- About this exercise
Write out, word for word, the first line of the data below and every line after it through the one containing "Foto de JOÃO AMADEUS PINTO SILVA".
--- Material provided Enclosed Below ---
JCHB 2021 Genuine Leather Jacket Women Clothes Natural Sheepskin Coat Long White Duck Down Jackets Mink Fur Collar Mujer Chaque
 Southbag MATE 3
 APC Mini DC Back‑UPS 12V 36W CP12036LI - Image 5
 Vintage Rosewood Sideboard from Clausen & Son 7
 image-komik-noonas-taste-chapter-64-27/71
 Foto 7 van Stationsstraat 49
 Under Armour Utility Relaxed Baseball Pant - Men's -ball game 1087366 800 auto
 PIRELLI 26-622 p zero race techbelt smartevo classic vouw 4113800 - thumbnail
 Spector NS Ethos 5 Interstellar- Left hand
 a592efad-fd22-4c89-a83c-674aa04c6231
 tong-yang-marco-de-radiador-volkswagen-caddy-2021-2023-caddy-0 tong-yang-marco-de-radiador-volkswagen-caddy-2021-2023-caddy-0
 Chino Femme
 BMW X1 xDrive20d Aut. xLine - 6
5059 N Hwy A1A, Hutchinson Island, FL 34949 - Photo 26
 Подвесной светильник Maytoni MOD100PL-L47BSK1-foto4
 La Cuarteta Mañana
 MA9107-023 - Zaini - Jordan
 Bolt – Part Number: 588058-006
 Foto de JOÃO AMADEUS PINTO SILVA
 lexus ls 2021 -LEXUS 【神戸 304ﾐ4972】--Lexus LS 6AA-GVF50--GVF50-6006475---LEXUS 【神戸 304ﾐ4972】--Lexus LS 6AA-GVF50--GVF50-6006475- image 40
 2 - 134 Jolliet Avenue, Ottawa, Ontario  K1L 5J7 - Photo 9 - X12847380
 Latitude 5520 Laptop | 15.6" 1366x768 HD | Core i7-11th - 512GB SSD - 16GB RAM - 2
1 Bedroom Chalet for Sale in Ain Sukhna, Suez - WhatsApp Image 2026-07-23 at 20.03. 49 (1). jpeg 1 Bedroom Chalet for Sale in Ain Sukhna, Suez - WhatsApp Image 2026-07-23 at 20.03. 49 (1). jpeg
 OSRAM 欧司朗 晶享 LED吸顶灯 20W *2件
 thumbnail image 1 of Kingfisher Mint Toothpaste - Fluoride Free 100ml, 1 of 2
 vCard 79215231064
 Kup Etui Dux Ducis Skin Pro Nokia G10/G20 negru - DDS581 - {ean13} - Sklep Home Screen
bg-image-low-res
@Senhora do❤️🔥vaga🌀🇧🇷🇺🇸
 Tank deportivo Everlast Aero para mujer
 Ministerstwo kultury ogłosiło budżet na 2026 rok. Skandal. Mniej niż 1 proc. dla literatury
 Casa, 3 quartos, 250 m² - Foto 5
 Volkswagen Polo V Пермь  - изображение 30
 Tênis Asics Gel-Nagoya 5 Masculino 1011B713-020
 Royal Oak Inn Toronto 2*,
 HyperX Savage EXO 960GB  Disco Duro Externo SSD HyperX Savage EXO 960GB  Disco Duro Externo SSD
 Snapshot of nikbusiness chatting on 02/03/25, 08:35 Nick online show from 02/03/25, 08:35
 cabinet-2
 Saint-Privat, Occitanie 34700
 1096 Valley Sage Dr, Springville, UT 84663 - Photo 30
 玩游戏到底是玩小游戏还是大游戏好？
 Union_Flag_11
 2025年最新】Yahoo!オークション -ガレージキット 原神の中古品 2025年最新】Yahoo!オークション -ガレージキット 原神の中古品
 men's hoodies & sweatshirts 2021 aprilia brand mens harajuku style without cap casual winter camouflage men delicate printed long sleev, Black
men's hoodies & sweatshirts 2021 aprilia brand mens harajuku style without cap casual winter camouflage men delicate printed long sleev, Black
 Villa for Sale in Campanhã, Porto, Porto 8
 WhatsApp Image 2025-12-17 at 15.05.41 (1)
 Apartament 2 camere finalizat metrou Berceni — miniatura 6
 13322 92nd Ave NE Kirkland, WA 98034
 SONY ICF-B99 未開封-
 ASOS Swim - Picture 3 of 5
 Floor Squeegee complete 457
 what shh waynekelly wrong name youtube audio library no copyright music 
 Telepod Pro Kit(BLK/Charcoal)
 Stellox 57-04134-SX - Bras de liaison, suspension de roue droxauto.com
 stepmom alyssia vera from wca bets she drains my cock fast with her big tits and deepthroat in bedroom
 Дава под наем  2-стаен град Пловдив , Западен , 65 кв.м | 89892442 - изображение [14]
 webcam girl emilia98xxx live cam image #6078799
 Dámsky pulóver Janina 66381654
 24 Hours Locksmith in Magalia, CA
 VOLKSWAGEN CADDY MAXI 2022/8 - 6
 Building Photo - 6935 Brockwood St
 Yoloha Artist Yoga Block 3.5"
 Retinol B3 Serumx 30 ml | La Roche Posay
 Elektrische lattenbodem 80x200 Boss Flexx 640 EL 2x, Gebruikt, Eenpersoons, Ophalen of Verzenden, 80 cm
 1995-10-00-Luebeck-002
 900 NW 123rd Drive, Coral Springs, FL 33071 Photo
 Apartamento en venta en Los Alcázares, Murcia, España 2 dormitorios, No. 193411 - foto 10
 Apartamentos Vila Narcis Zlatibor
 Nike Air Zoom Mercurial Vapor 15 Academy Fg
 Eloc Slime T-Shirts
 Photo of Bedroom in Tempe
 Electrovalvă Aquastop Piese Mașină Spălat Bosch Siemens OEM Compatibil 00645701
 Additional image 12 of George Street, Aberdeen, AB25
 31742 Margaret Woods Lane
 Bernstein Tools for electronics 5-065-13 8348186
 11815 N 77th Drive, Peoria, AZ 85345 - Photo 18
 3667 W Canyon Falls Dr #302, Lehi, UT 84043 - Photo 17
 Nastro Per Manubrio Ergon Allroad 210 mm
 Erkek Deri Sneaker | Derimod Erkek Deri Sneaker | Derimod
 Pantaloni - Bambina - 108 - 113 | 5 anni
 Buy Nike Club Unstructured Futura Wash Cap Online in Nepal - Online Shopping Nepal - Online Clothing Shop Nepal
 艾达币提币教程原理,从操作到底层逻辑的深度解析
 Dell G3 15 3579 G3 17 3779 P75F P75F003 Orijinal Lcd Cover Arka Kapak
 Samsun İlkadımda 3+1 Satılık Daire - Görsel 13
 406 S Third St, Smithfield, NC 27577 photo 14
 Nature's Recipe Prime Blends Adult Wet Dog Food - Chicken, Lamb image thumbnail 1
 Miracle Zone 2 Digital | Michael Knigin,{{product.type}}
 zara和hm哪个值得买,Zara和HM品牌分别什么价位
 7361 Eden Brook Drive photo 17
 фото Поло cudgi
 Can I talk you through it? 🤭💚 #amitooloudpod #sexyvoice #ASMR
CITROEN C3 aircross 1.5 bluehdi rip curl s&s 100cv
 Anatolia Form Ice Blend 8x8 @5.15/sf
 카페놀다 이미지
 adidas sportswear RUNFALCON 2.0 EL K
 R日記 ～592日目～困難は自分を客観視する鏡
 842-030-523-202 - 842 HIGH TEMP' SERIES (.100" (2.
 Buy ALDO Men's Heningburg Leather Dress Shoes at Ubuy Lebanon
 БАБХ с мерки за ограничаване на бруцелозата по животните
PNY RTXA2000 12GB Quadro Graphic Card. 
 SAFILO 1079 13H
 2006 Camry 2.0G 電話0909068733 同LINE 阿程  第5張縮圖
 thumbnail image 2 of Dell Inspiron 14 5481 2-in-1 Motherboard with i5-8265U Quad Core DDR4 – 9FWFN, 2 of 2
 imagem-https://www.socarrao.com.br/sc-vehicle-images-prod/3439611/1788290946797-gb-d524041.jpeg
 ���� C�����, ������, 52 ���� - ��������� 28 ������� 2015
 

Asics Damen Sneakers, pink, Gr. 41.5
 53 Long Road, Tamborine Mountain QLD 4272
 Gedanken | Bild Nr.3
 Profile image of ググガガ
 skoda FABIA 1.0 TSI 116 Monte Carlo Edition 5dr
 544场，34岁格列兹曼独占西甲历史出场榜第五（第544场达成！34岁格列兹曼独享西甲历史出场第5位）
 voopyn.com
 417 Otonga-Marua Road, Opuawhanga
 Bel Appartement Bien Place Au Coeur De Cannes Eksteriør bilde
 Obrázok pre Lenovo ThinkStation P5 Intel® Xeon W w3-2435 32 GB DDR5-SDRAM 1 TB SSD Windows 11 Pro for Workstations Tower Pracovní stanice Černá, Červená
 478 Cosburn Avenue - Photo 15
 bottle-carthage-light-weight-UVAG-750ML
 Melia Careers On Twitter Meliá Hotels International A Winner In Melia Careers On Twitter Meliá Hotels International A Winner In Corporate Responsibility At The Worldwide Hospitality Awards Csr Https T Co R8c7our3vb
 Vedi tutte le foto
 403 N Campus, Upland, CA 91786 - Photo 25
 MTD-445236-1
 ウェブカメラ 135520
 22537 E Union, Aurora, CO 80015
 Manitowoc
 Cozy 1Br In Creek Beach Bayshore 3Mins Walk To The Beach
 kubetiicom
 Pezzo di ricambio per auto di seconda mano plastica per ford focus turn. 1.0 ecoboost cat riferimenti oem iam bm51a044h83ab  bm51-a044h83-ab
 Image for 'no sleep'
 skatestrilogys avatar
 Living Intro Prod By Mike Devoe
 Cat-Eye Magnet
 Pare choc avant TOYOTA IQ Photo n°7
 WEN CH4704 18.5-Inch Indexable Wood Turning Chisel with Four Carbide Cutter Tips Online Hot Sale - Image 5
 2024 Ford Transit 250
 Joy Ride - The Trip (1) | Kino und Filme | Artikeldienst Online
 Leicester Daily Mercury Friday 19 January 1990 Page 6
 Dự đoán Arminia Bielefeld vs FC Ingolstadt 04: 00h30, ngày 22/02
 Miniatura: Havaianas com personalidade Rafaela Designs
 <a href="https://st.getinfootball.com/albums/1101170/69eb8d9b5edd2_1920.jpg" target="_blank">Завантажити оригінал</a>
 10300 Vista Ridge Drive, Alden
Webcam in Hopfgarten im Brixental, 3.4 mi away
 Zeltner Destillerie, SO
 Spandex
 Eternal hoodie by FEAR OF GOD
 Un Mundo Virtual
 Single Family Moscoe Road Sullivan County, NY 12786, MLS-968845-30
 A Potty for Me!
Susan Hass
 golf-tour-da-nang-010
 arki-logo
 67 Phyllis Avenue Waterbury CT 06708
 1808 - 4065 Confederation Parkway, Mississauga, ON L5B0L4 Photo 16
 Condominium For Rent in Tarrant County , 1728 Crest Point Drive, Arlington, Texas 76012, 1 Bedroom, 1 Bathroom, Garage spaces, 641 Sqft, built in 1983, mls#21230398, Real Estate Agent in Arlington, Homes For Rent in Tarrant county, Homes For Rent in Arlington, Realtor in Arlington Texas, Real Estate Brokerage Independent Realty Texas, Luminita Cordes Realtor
--- End of Enclosed Material provided ---
- Written solution
JCHB 2021 Genuine Leather Jacket Women Clothes Natural Sheepskin Coat Long White Duck Down Jackets Mink Fur Collar Mujer Chaque
 Southbag MATE 3
 APC Mini DC Back‑UPS 12V 36W CP12036LI - Image 5
 Vintage Rosewood Sideboard from Clausen & Son 7
 image-komik-noonas-taste-chapter-64-27/71
 Foto 7 van Stationsstraat 49
 Under Armour Utility Relaxed Baseball Pant - Men's -ball game 1087366 800 auto
 PIRELLI 26-622 p zero race techbelt smartevo classic vouw 4113800 - thumbnail
 Spector NS Ethos 5 Interstellar- Left hand
 a592efad-fd22-4c89-a83c-674aa04c6231
 tong-yang-marco-de-radiador-volkswagen-caddy-2021-2023-caddy-0 tong-yang-marco-de-radiador-volkswagen-caddy-2021-2023-caddy-0
 Chino Femme
 BMW X1 xDrive20d Aut. xLine - 6
5059 N Hwy A1A, Hutchinson Island, FL 34949 - Photo 26
 Подвесной светильник Maytoni MOD100PL-L47BSK1-foto4
 La Cuarteta Mañana
 MA9107-023 - Zaini - Jordan
 Bolt – Part Number: 588058-006
 Foto de JOÃO AMADEUS PINTO SILVA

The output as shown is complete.